Documentation

This commit is contained in:
Michael Kolupaev 2023-12-01 01:26:44 +00:00
parent 64e6deb197
commit 8b8ef41407
5 changed files with 222 additions and 23 deletions

View File

@ -0,0 +1,40 @@
---
slug: /en/operations/system-tables/view_refreshes
---
# view_refreshes
Information about [Refreshable Materialized Views](../../sql-reference/statements/create/view.md#refreshable-materialized-view). Contains all refreshable materialized views, regardless of whether there's a refresh in progress or not.
Columns:
- `database` ([String](../../sql-reference/data-types/string.md)) — The name of the database the table is in.
- `view` ([String](../../sql-reference/data-types/string.md)) — Table name.
- `status` ([String](../../sql-reference/data-types/string.md)) — Current state of the refresh.

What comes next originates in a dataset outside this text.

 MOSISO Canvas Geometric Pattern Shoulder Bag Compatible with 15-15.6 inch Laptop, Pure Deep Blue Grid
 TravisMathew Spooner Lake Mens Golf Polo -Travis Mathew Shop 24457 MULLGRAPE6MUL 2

- `last_refresh_result` ([String](../../sql-reference/data-types/string.md)) — Outcome of the latest refresh attempt.
- `last_refresh_time` ([DateTime](../../sql-reference/data-types/datetime.md)) — Time of the last successful refresh. `NULL` if no refresh succeeded since server startup or table creation.

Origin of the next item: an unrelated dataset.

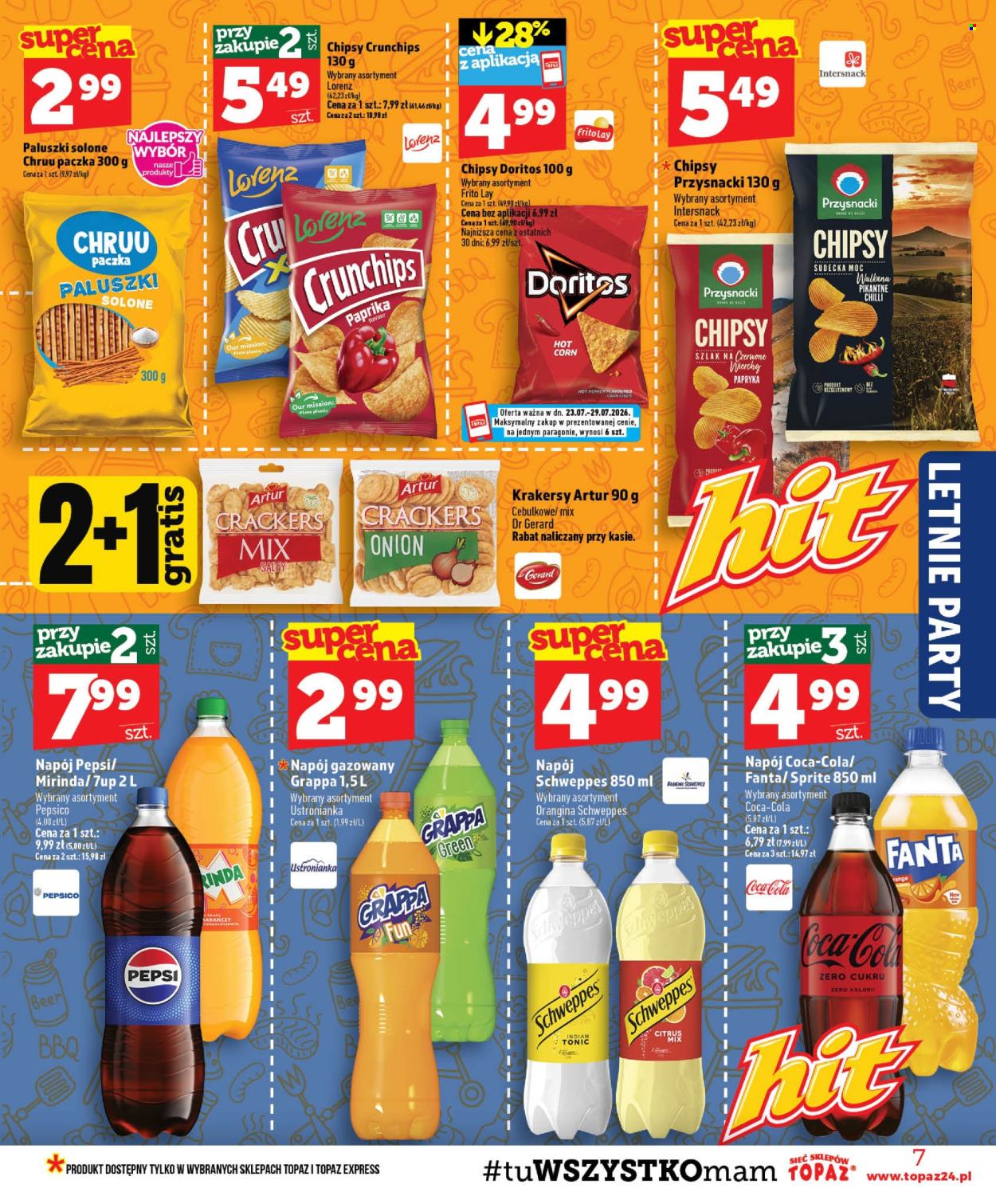Gazetka Topaz - 23.7.2026. - 29.7.2026.. Strona 7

- `next_refresh_time` ([DateTime](../../sql-reference/data-types/datetime.md)) — Time at which the next refresh is scheduled to start.
- `remaining_dependencies` ([Array(String)](../../sql-reference/data-types/array.md)) — If the view has [refresh dependencies](../../sql-reference/statements/create/view.md#refresh-dependencies), this array contains the subset of those dependencies that are not satisfied for the current refresh yet. If `status = 'WaitingForDependencies'`, a refresh is ready to start as soon as these dependencies are fulfilled.
- `exception` ([String](../../sql-reference/data-types/string.md)) — if `last_refresh_result = 'Exception'`, i.e. the last refresh attempt failed, this column contains the corresponding error message and stack trace.
- `progress` ([Float64](../../sql-reference/data-types/float.md)) — Progress of the current refresh, between 0 and 1.
- `read_rows` ([UInt64](../../sql-reference/data-types/int-uint.md)) — Number of rows read by the current refresh so far.
- `total_rows` ([UInt64](../../sql-reference/data-types/int-uint.md)) — Estimated total number of rows that need to be read by the current refresh.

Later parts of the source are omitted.